Investors to be more cautious
Highlights

Investors to be more cautious . It was second straight week of gains for the stock markets.

Prepare list of shares for buying after studying corporate results

Now all eyes are set on the RBI's policy review meet scheduled for September 29. As per the hints already provided by the Reserve Bank Governor, Raghuram Rajan, he is not very much inclined to cut rates as the core issues like inflation and others are still not in favour of a rate cut

It was second straight week of gains for the stock markets. The Sensex had risen by 408 points in the previous week, logged even bigger gain of 609 points this week taking two weeks' total to 1017, thus regaining one third of the 3033 points lost in the preceding four straight weeks of massive fall due to turmoil in the Chinese economy.

Besides small and retail investors, who were attracted to stocks at the beaten down prices, even the FIIs turned net buyers from net sellers of Indian equities especially after US's Fed Res Board came out with a decision to not hike the interest rate this time too, on Thursday.

The status quo as maintained by the Fed Res in the matter of interest rate raised hopes of the RBI cutting the key policy rates in its bi-monthly review meeting scheduled for September 29, which too was a factor that inspired prospective buyers to take higher risks.

The US's central bank did not impose any hike in the interest rate. The markets have jumped by another 255 points on the following day of trading on Friday as the markets had remained officially closed for Ganesh Chaturthi on Thursday.

Thus, at the end of the week, the Sensex, not only closed higher by 609 points but also reclaimed 26,000-mark and closed at 26,219.

The status quo by Fed, not only inspired fresh buying support for equities but also aided the Indian currency to firm up significantly which too was one of the factors that transformed the FIIs from net sellers into net buyers, especially on Friday.

Now all eyes are set on the Reserve Bank of India's policy review meeting scheduled for September 29. As per the hints as already been provided by the Reserve Bank Governor, Raghuram Rajan, he is not very much inclined to cut the rates as the core issues like inflation and others are still not in favour of a rate cut.

On the other hand, the government of India and the business fraternity are aggressively demanding a rate cut.
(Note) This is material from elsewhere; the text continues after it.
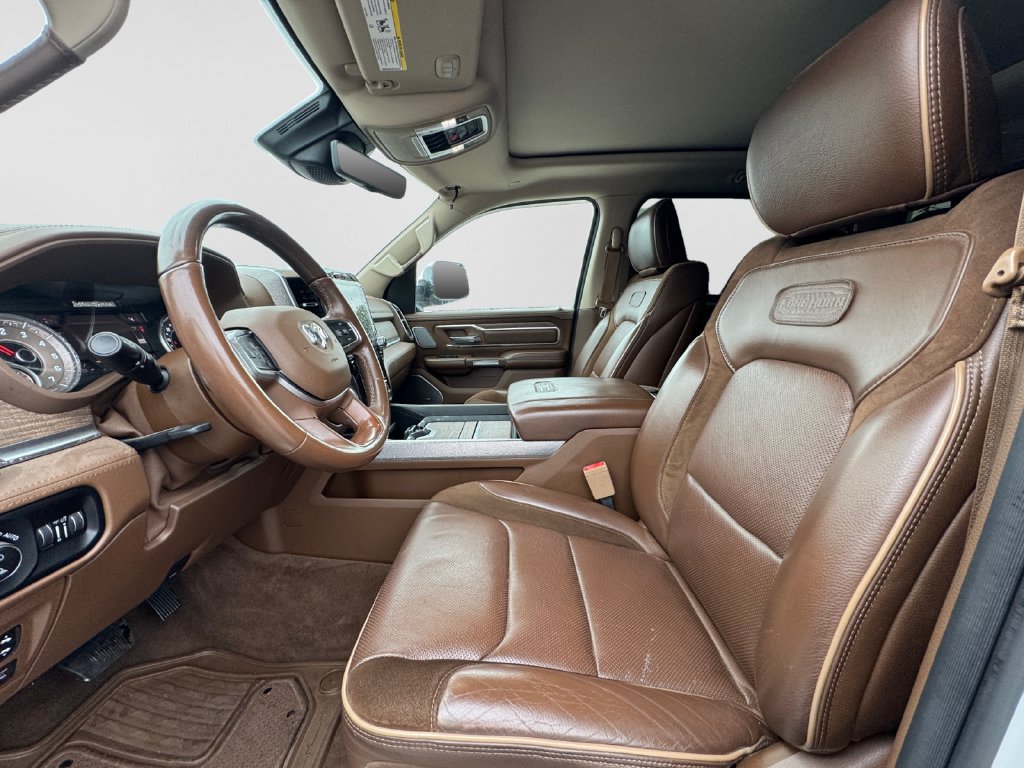 Used 2021 RAM 1500 Limited AWD/4WD image 17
Looking at the adamant attitude of the Governor, it will still be a non-happening event this time too.

However, even if the RBI cuts the rate, then the markets might react to such action slightly positive but they are unlikely to run up straight as immediately thereafter the new corporate earnings season is scheduled to commence. Besides, the crucial Bihar Vidhansabha polls would arrive and that too could keep the markets under stress.

Also, the Fed has only postponed the rate hike, it has not completely ruled it out and therefore, the rate in the US is certainly go up before the year ends in December. The prospective buyers of equities are now required to be more cautious while selecting and preparing a list of good stocks to be picked up in near future.

What they need to do is wait for the new corporate earnings season to kick-start and prepare a shopping list after studying major corporate results and then pick up those stocks only when the markets come under pressure due to any external factors.